At one point, a therapist questions Vincent’s behavior, when she is acting more like a best friend than a parent to her daughter. “Isn’t that a lot of pressure for a child her age?” asks the therapist. “Why should she have to meet your needs?”
“Because no one else will!” is Vincent’s unspoken reply.
Vincent recounts the ways she encouraged Maya’s dare-devil tendencies, pushing her to succeed and stretch the boundaries of what society imposed on her. As a teenager, Maya’s lack of limits eventually results in trouble; she gets pregnant, comes home hung over, shows up with a black eye. Eventually, Vincent wakes up to the fact that she needs to set limits. There is a short-lived span of time when Vincent takes the reigns as a parent, but Maya dies just as their relationship begins to solidify.
During her grieving process, Vincent blames herself for her daughter’s death, fearing she enabled Maya, didn’t teach her to be cautious enough. She also acknowledges that she pinned all her hopes on her daughter’s bright future, so she mourns not only her daughter, but her own adult life, shaped by the sacrifices and the choices she made.
Through therapy, and a support group for other grieving parents, the author eventually releases herself from blame. “I realize that Maya’s death belongs to her. It isn’t a punishment directed at me, even when the pain feels very punishing indeed.” Ultimately, Vincent comes to accept the painful truth that there is in fact no reason or purpose that can explain her child’s death. A button pinned to her bulletin board contains her new prayer: “Clinical studies show there are no answers.”

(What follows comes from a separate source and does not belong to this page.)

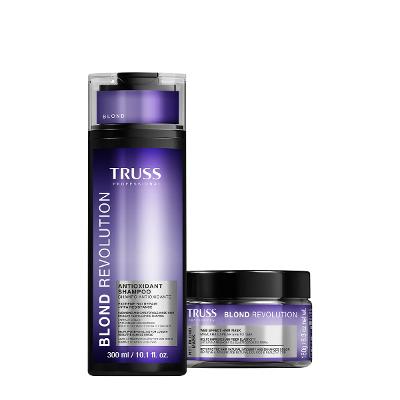 Kit Truss Net Blond Revolution Shampoo Máscara (2 produtos)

At the close of Swimming With Maya, Vincent keeps on keeping on, her second child, Meghan, now tucked into young adulthood, a freshman in college. There is no shiny epiphany, no gleeful shedding of her mourning robes in this book. “You never get over the death of your child,” she recounts, “you just get used to it.” This, she says, is “the new reality.”

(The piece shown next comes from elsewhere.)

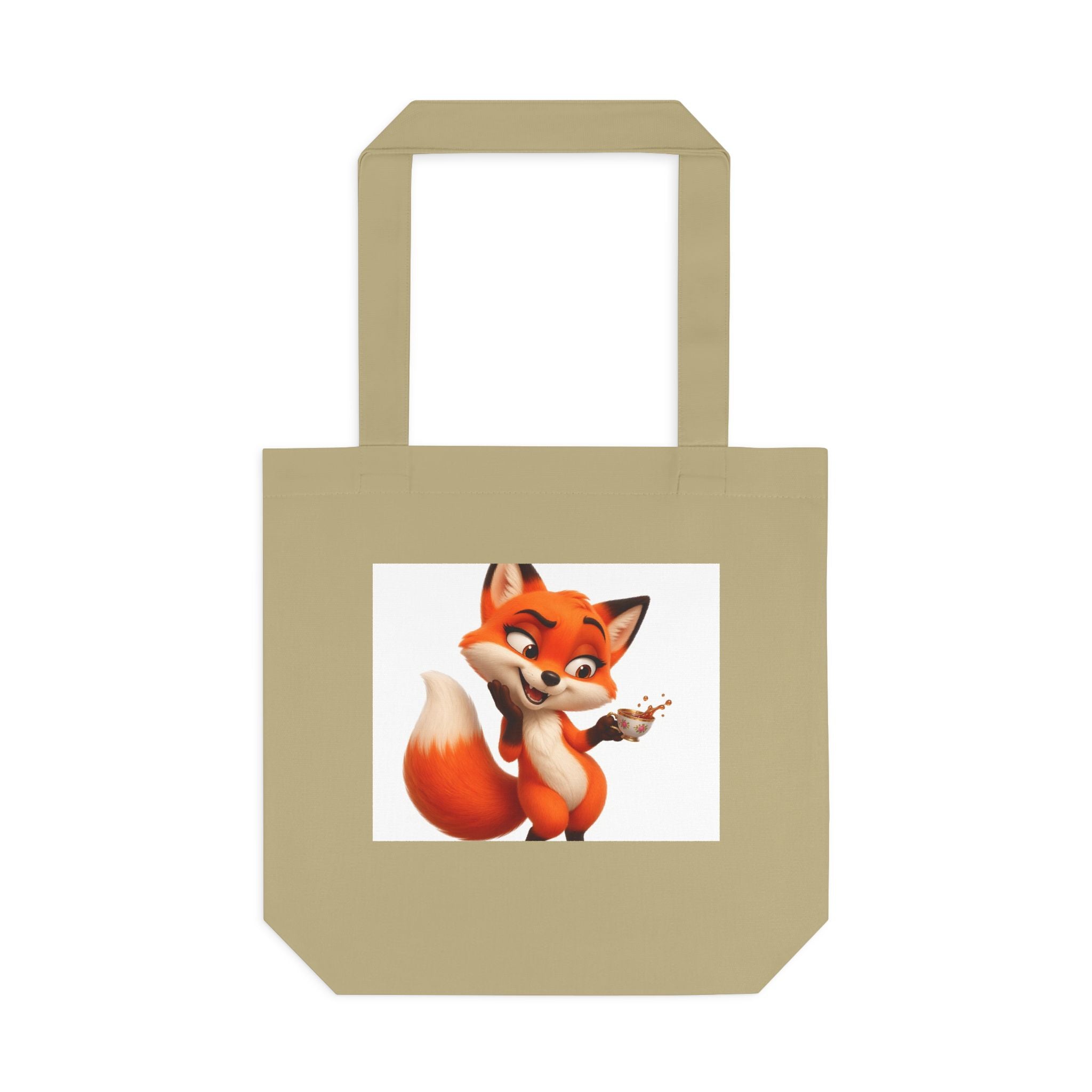 Finn Fox Gossip Tote Bag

For the first time in her adult life, after dropping her younger daughter at the UC Santa Cruz dorm, Vincent steps through the door to a home that is hers alone. Photographs of her absent daughters smile down at her from the walls, and Vincent must again regroup, and find her own center.
In the final chapter of the book, Vincent recalls a dream that she had shortly after Maya’s death. Her daughter swims in a body of water, and tries to speak to Vincent, but static drowns out her words. Vincent feels the distance between them, and although they move in different worlds she is caught in the ebb and flow of her child, a pull as strong as the tide. But by the time the story draws to a close, Vincent has learned to be a more effective parent to her surviving daughter, and disentangled herself from Maya’s fate.
“My destiny and my daughter’s are separate. She is her own person. We hadn’t finished letting go of each other in life — she was yanked away — so now there is no other sane choice than to finish the process on my own. Finally, I am willing to let Maya have her own life and her own death.”
Contemplating the death of a child is excruciating in any form, and reading Vincent’s memoir is painful on a number of levels. But if a mother can take in Vincent’s truth, she’ll likely find it to resonate strongly, since Swimming With Maya is a story of letting go, which is the undercurrent always present in mothering. All of us will have to ease ourselves away from our babies in one way or another.